* MATERIALS PROVIDED:
------
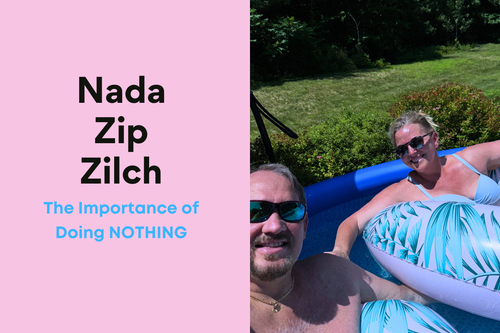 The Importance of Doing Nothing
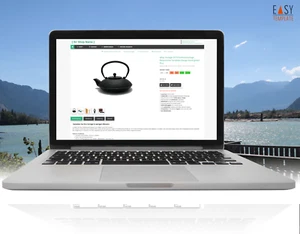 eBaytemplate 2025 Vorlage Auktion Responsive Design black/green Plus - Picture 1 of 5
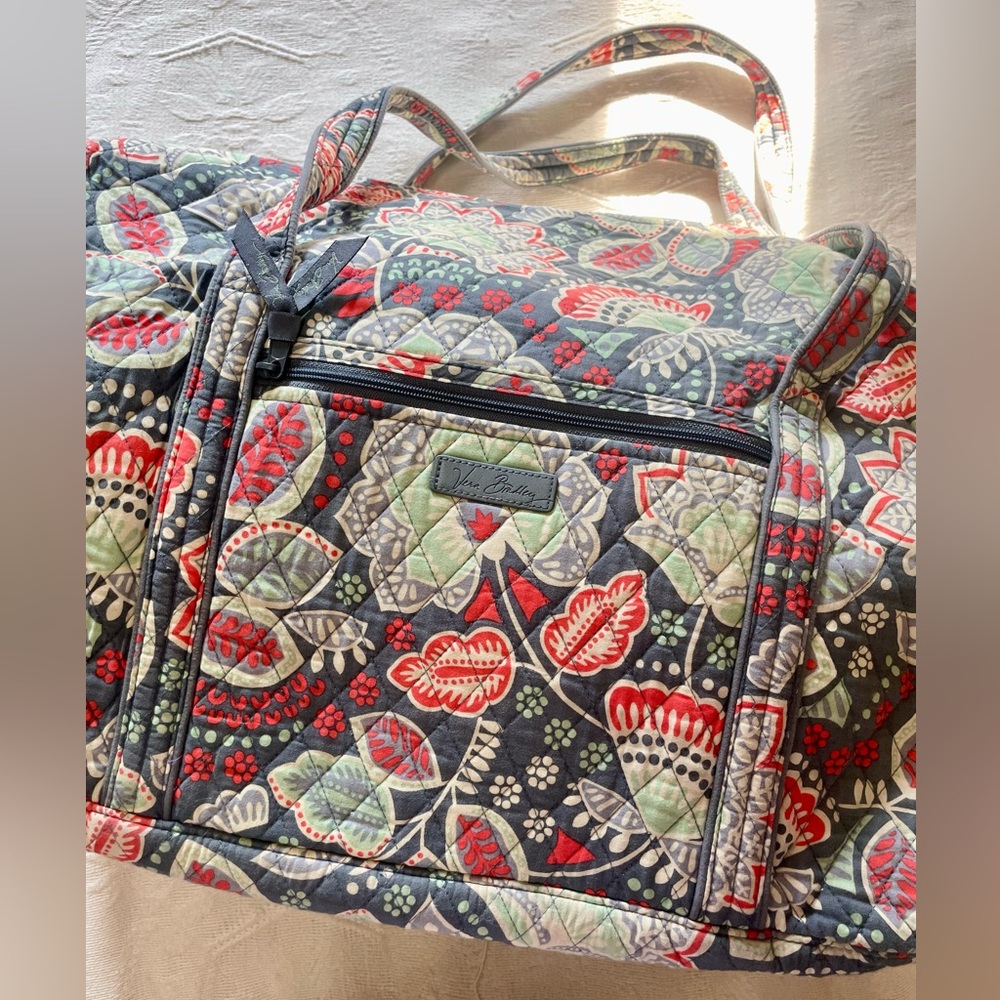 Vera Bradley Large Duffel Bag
------
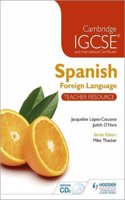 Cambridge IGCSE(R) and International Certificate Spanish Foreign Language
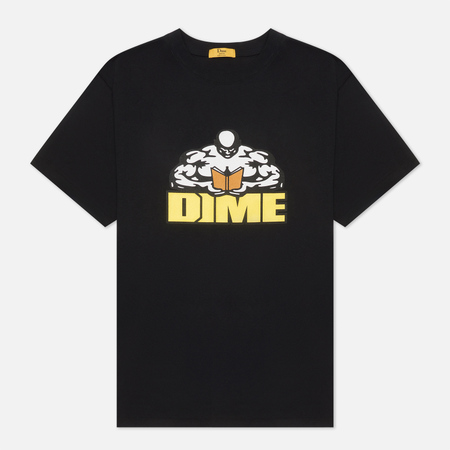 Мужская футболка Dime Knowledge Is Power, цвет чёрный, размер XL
------
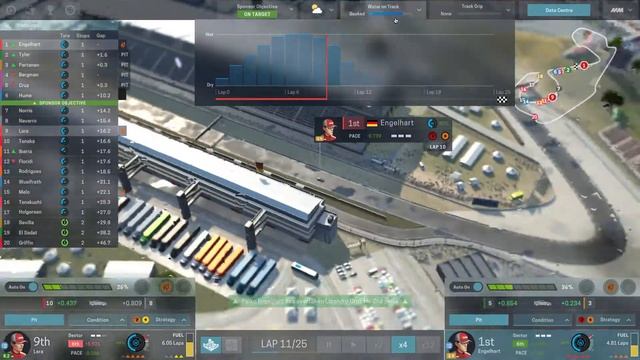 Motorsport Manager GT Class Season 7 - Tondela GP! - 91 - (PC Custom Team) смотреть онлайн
------
* WHAT THE EXERCISE ASKS: Above are records; write out the lines from the one with "Cambridge IGCSE(R) and" down to the one with "Мужская футболка Dime", exactly, leaving the pictures out.

* EXPECTED ANSWER:
 Cambridge IGCSE(R) and International Certificate Spanish Foreign Language
 Мужская футболка Dime Knowledge Is Power, цвет чёрный, размер XL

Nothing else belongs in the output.